Task goal — When you copy the listing, skip the images and return each line verbatim.

Stored data —
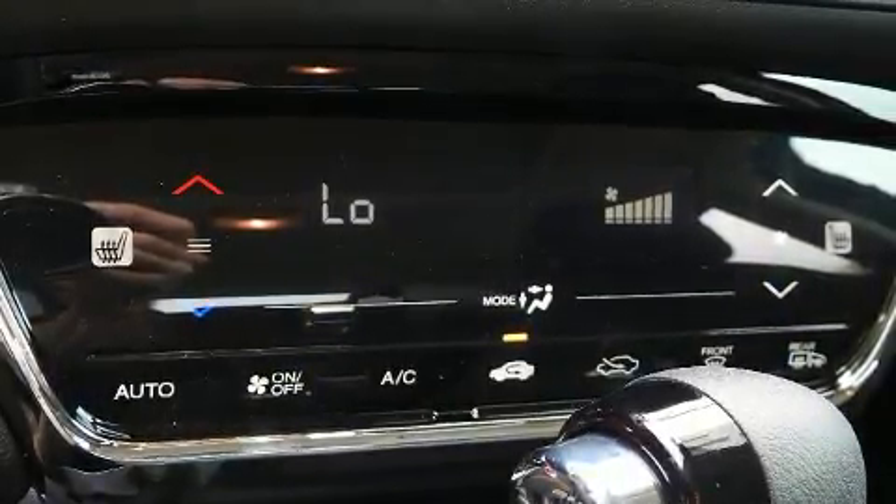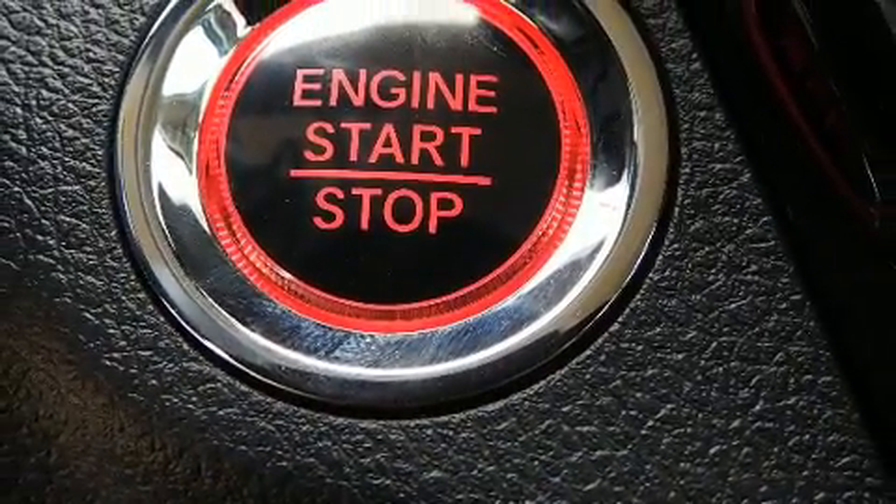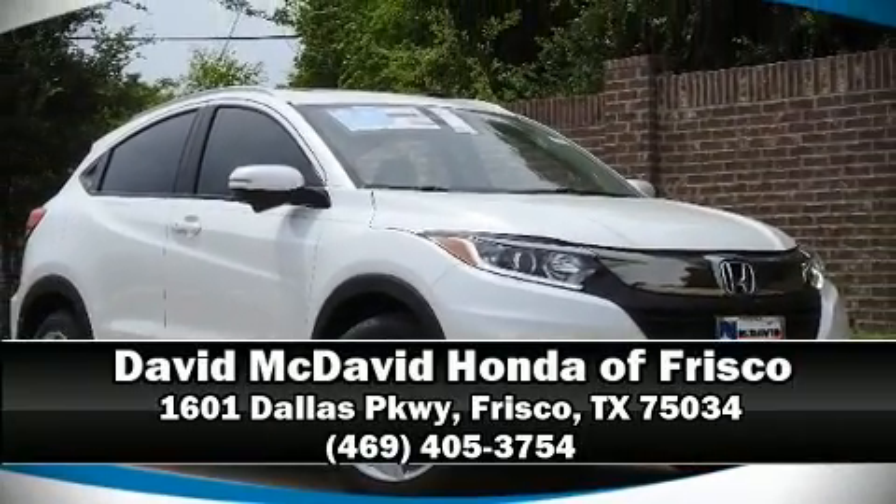Adaptive cruise control maintains a preset distance behind the car ahead of you, simplifying highway driving and enhancing safety. Stop by our dealership or give us a call for more information.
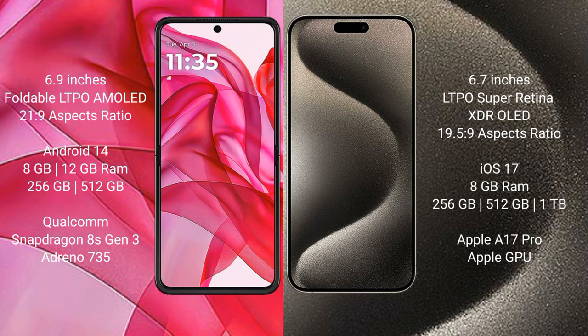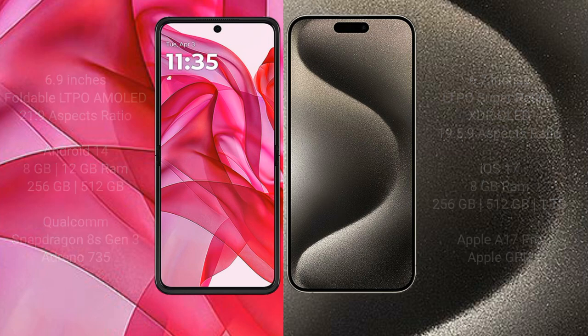iPhone 15 Pro Max comes with 8GB RAM, 256GB, 512GB, or 1TB internal storage, powered by the Apple A17 Pro processor with Apple GPU.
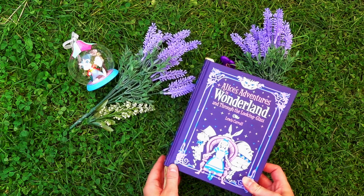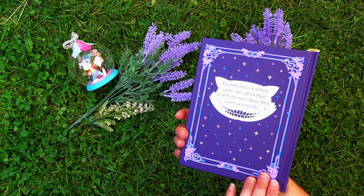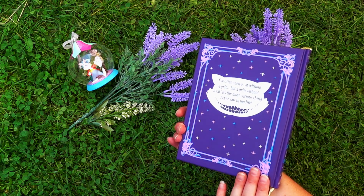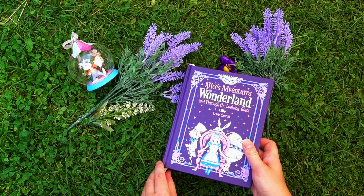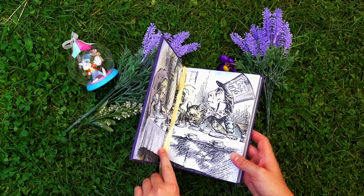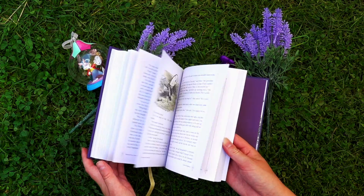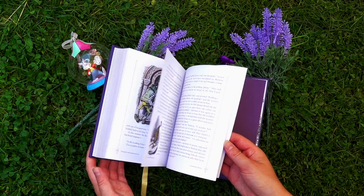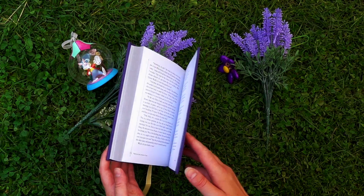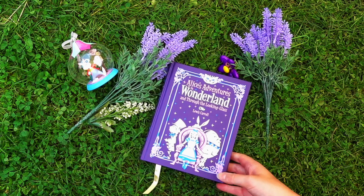Next up is this purple Barnes & Noble collector's edition. I love the quote on the back that says: 'I've often seen a cat without a grin, but a grin without a cat is the most curious thing I ever saw in my life.' And then you have these beautiful end pages as well. It is basically the same book as the pink Barnes & Noble edition but this one is purple and I love it.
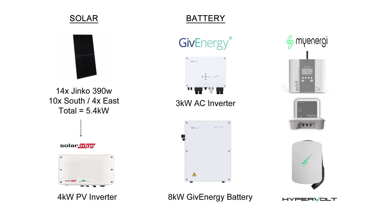Before we get into the stats, let's remind ourselves of my solar panel system. So 14 Jinko 390-watt panels totalling 5.4 kilowatts — 10 on the south and 4 on the east — and a SolarEdge 4-kilowatt inverter. On the battery side, we've got the 3-kilowatt AC inverter and the 8-kilowatt Gen 1 GivEnergy battery. And I've also got the MyEnergy Eddy heating the hot water, the Harvey Hub, and the Hypervolt EV charger.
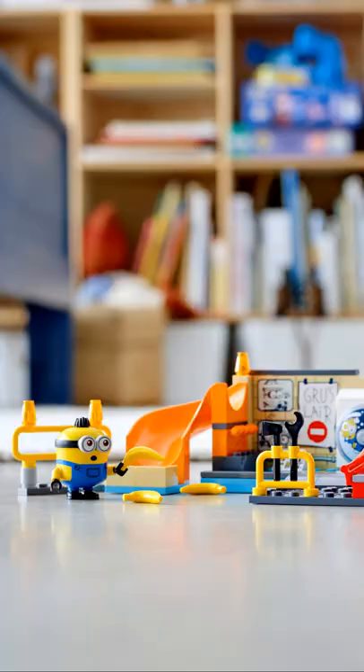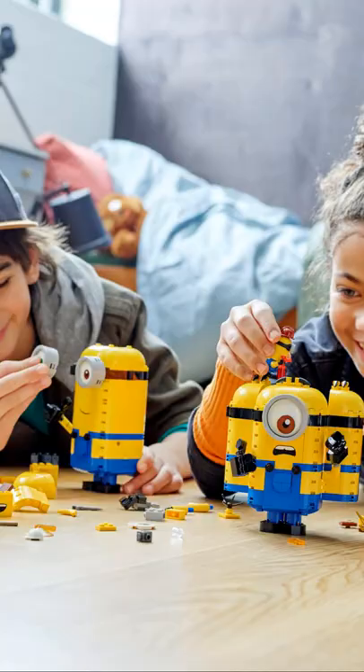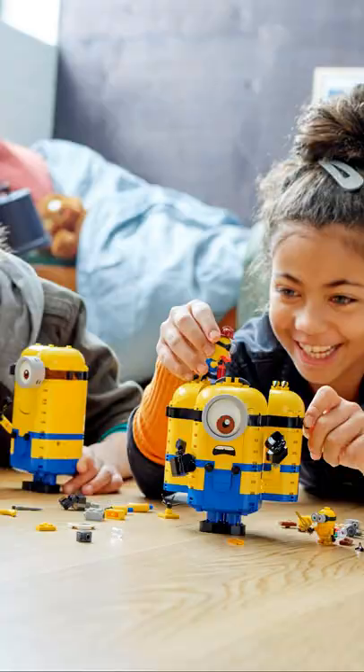Adding Minions to LEGO 21336 The Office is as simple as eating a banana. 75546 Minions in Gru's Lab comes with a pair of minifigure scale Minions and a few fun printed tiles to click into the set. Alternatively, go big with 75551 Brick Built Minions and Their Lair, because if you're going to add an extra layer of absurdism to your LEGO Office, you might as well go all in.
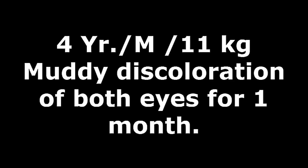Now let's start with our case. A four-year-old male child weighing 11kg was brought by parents with a complaint of muddy discoloration of both eyes for one month.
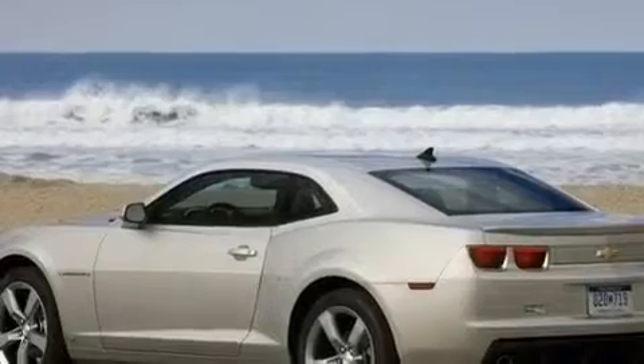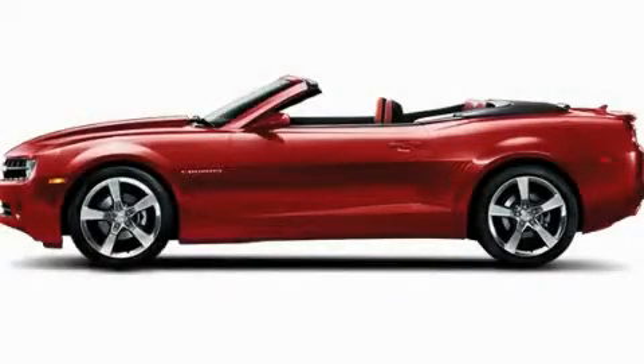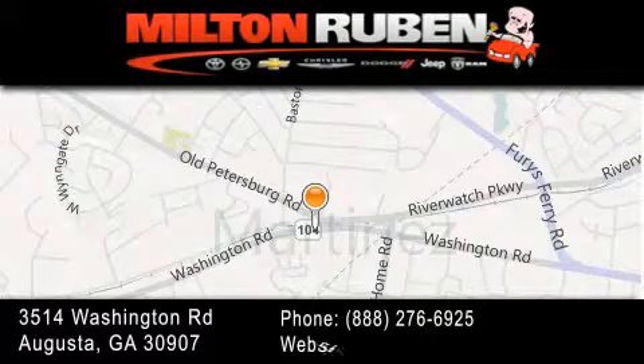This vehicle is sure to sell fast. Call and arrange your test drive today. Come experience the Drive Baby advantage here at the Milton Rubin Superstore.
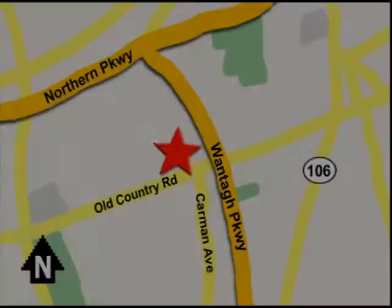Call or email today or stop on by our brand-new state-of-the-art facility. We're conveniently located on Old Country Road off Wontop Parkway.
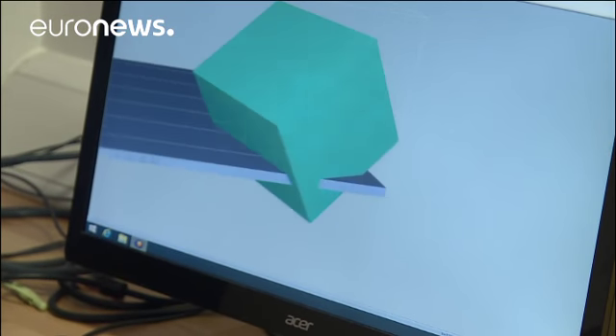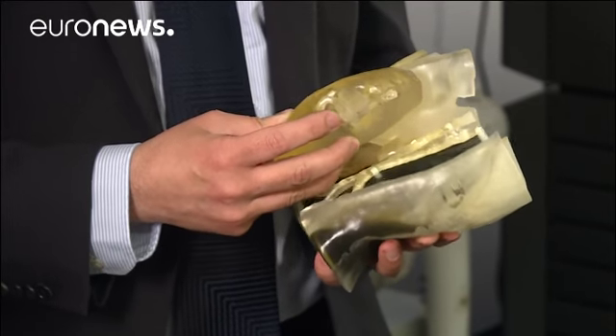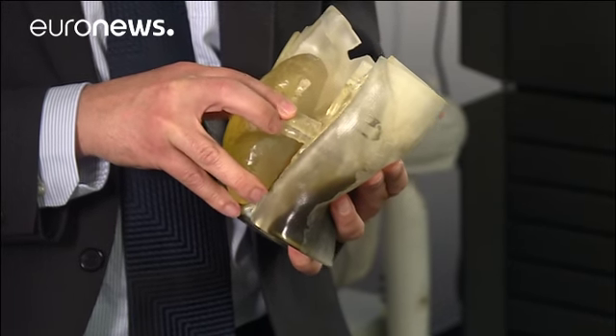Doctors created 3D models to pre-plan the procedure — one of Dexter's abdomen and one of his donor father's larger-than-average kidney. This allowed them to practice the transplant to reduce the risk factors.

Written response —
Adaptive cruise control maintains a preset distance behind the car ahead of you, simplifying highway driving and enhancing safety. Stop by our dealership or give us a call for more information.
iPhone 15 Pro Max comes with 8GB RAM, 256GB, 512GB, or 1TB internal storage, powered by the Apple A17 Pro processor with Apple GPU.
Next up is this purple Barnes & Noble collector's edition. I love the quote on the back that says: 'I've often seen a cat without a grin, but a grin without a cat is the most curious thing I ever saw in my life.' And then you have these beautiful end pages as well. It is basically the same book as the pink Barnes & Noble edition but this one is purple and I love it.
Before we get into the stats, let's remind ourselves of my solar panel system. So 14 Jinko 390-watt panels totalling 5.4 kilowatts — 10 on the south and 4 on the east — and a SolarEdge 4-kilowatt inverter. On the battery side, we've got the 3-kilowatt AC inverter and the 8-kilowatt Gen 1 GivEnergy battery. And I've also got the MyEnergy Eddy heating the hot water, the Harvey Hub, and the Hypervolt EV charger.
Adding Minions to LEGO 21336 The Office is as simple as eating a banana. 75546 Minions in Gru's Lab comes with a pair of minifigure scale Minions and a few fun printed tiles to click into the set. Alternatively, go big with 75551 Brick Built Minions and Their Lair, because if you're going to add an extra layer of absurdism to your LEGO Office, you might as well go all in.
Now let's start with our case. A four-year-old male child weighing 11kg was brought by parents with a complaint of muddy discoloration of both eyes for one month.
This vehicle is sure to sell fast. Call and arrange your test drive today. Come experience the Drive Baby advantage here at the Milton Rubin Superstore.
Call or email today or stop on by our brand-new state-of-the-art facility. We're conveniently located on Old Country Road off Wontop Parkway.
Doctors created 3D models to pre-plan the procedure — one of Dexter's abdomen and one of his donor father's larger-than-average kidney. This allowed them to practice the transplant to reduce the risk factors.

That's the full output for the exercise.